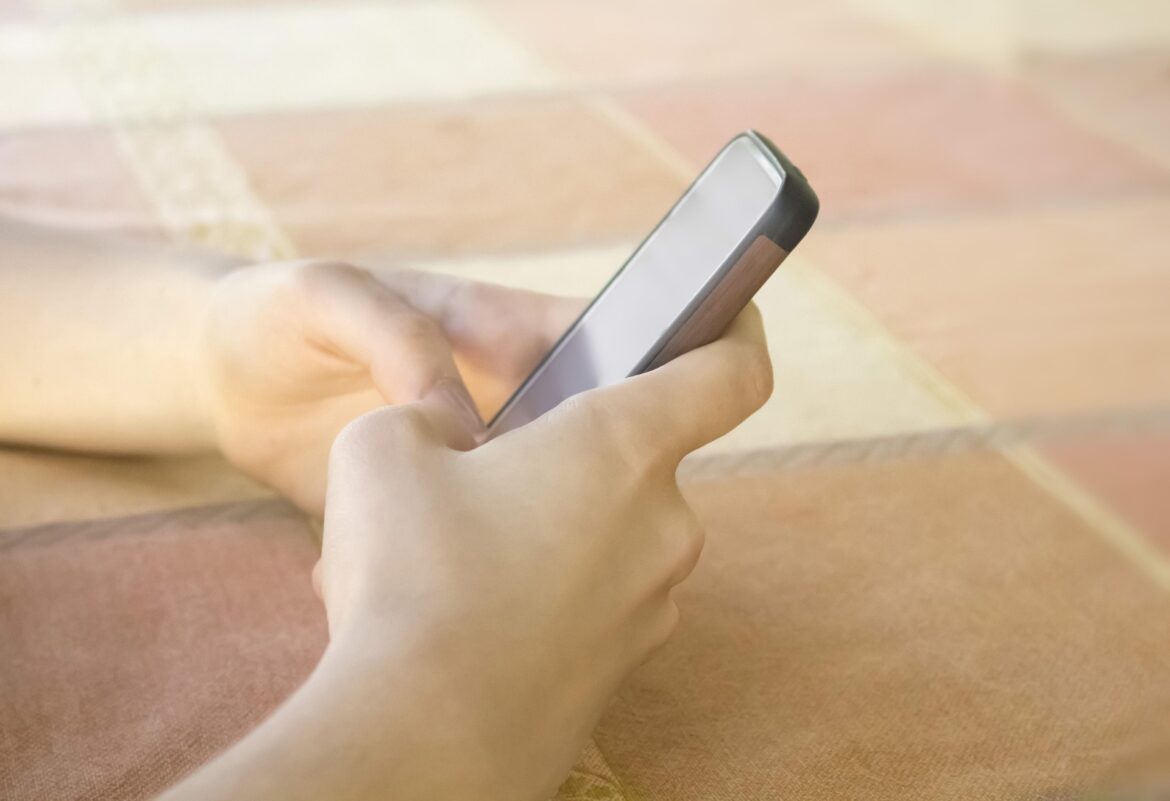 Person holding a smartphone in bed, screen blank, close-up on hands and device against peach-colored blanket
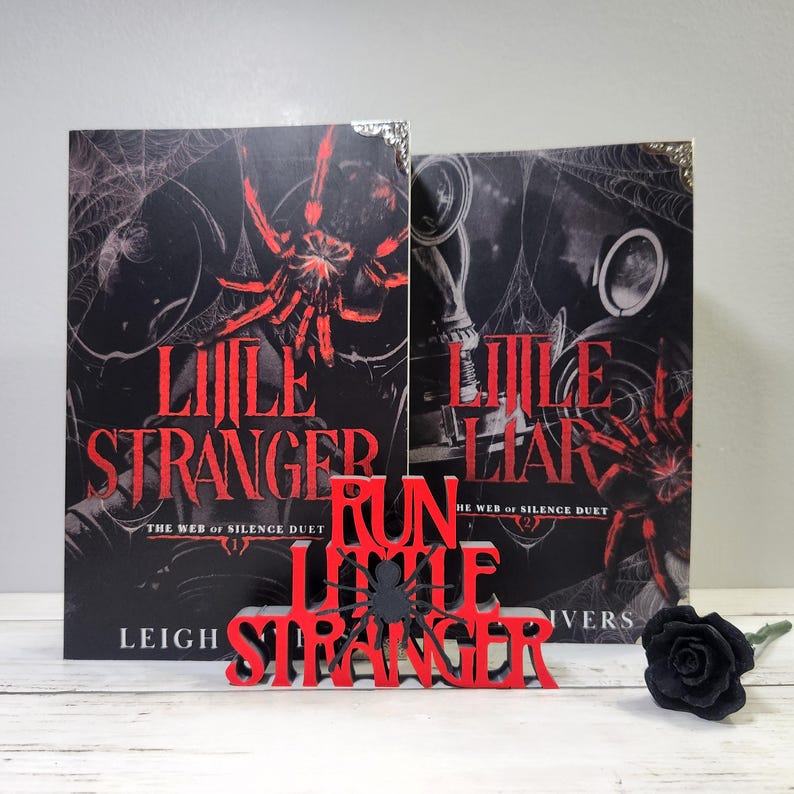 Puede incluir: Dos libros titulados "Little Stranger" con un gr&aacute;fico de ara&ntilde;a roja y un letrero de madera rojo que dice "Run Little Stranger". Una rosa negra est&aacute; a la derecha. Los libros son parte de "The Web of Silence Duet".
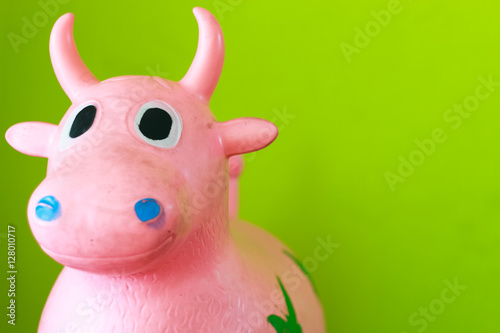 Rubber cow isolated on green background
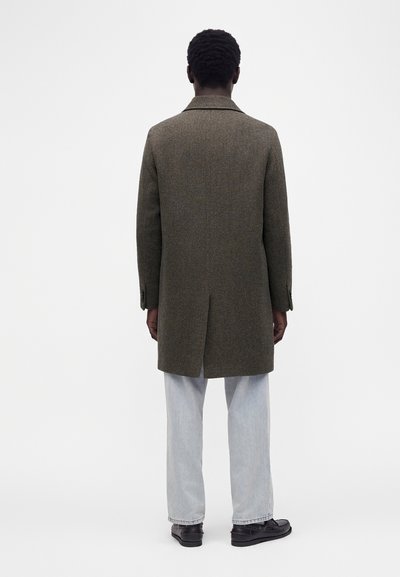 Homme vu de dos portant un pardessus marron texturé, un jean bleu clair et des mocassins noirs sur un fond blanc uni.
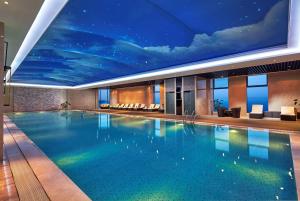芜湖芜湖世茂希尔顿逸林酒店的一座大型游泳池,天花板上画着画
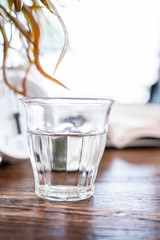 Glass of water on wooden table with copy space.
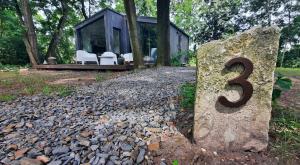 a house with a number on a rock at Domek Hrabiny nr 3 in Rozkochów +12 photos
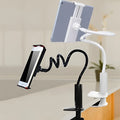 Black and white flexible mount holder with adjustable clamp and suction cup base holding a tablet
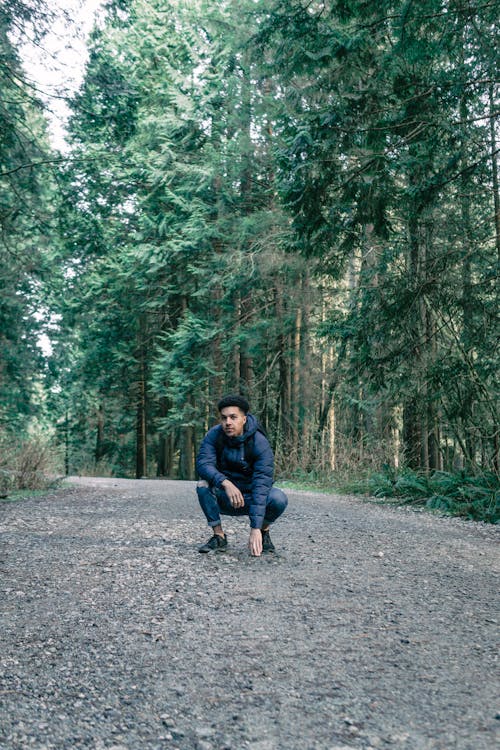 A Man Sitting on a Forest Road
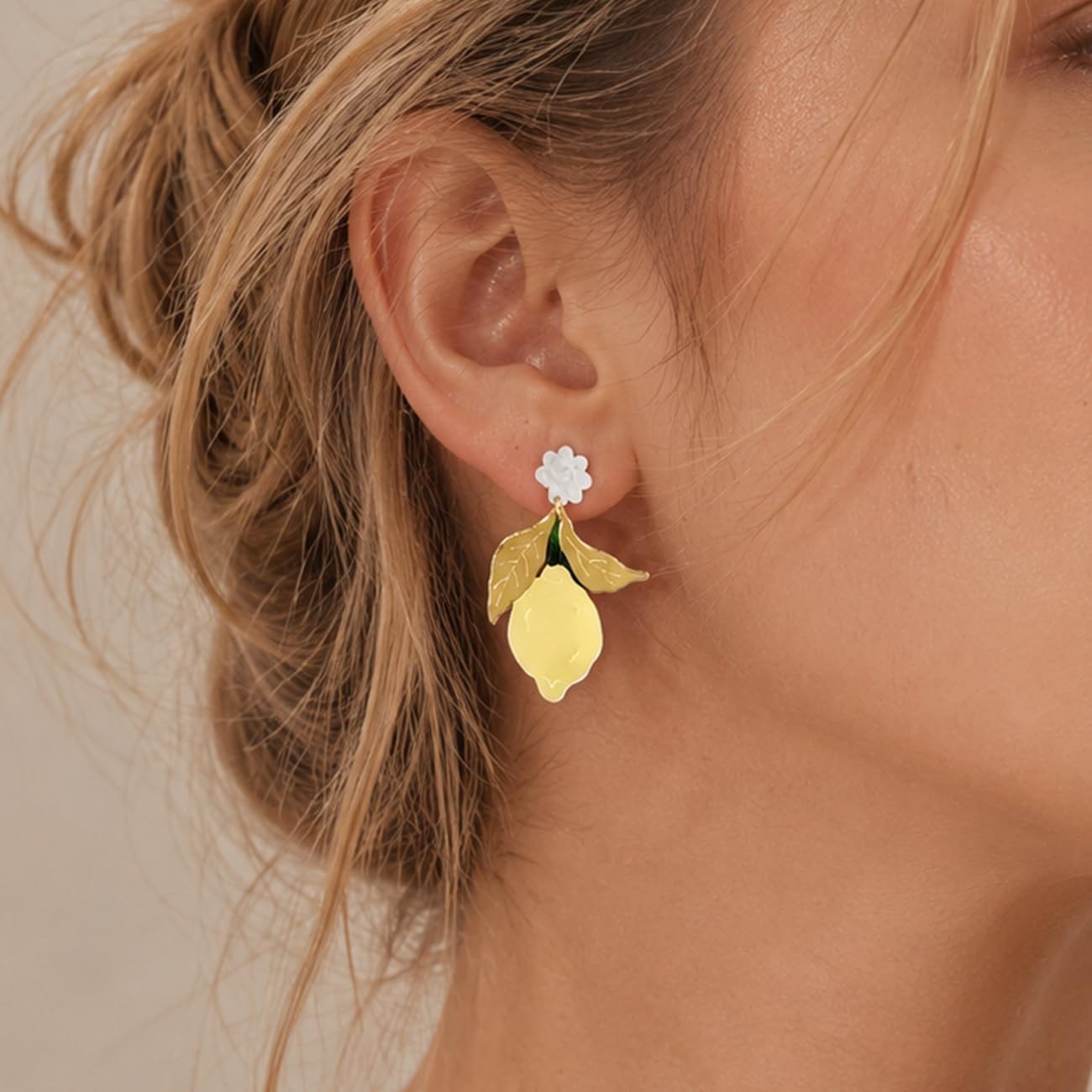 Yellow Lemon Acrylic Dangle Earrings with Gold Tone Leaves | White flower tops, gold tone leaves and yellow lemon drops; playful summer style for birthdays, vacations and daily outfits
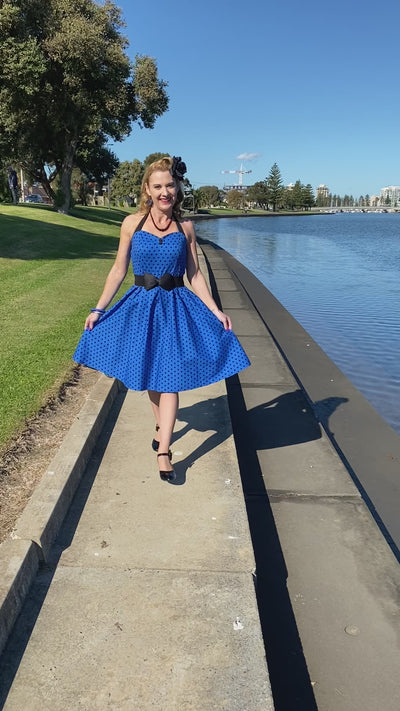 A video of Ms. kentuckyred wearing our Sophia Halter Neck Royal Blue Spot Dress.
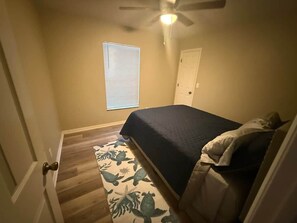 Un dormitorio con cama, ventilador de techo, ventana con persianas y puerta.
---*---
■ **Work item**:
Quote exactly the lines from the line that contains "Black and white" through the last line of the listing, please, leaving out all pictures.

■ **Finished task**:
 Black and white flexible mount holder with adjustable clamp and suction cup base holding a tablet
 A Man Sitting on a Forest Road
 Yellow Lemon Acrylic Dangle Earrings with Gold Tone Leaves | White flower tops, gold tone leaves and yellow lemon drops; playful summer style for birthdays, vacations and daily outfits
 A video of Ms. kentuckyred wearing our Sophia Halter Neck Royal Blue Spot Dress.
 Un dormitorio con cama, ventilador de techo, ventana con persianas y puerta.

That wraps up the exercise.